[DATASET RECORDS Boundary: Start]

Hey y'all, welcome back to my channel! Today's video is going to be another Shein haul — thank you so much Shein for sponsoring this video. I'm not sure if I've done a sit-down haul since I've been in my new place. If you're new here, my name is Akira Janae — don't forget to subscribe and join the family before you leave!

[DATASET RECORDS Boundary: End]
[DATASET RECORDS Boundary: Start]

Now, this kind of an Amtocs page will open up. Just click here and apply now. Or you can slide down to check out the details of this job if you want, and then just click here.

[DATASET RECORDS Boundary: End]
[DATASET RECORDS Boundary: Start]

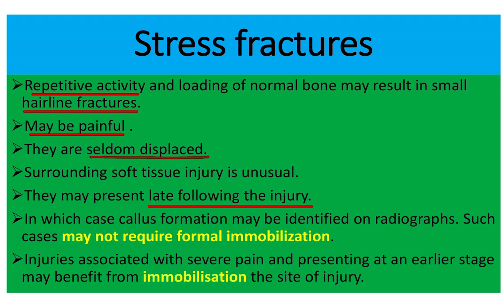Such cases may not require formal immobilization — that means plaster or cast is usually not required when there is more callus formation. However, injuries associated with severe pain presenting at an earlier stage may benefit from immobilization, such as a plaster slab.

[DATASET RECORDS Boundary: End]

EXERCISE DETAILS =
Each line that includes the string "this" should be copied from the data.

YOUR RESPONSE =
Hey y'all, welcome back to my channel! Today's video is going to be another Shein haul — thank you so much Shein for sponsoring this video. I'm not sure if I've done a sit-down haul since I've been in my new place. If you're new here, my name is Akira Janae — don't forget to subscribe and join the family before you leave!
Now, this kind of an Amtocs page will open up. Just click here and apply now. Or you can slide down to check out the details of this job if you want, and then just click here.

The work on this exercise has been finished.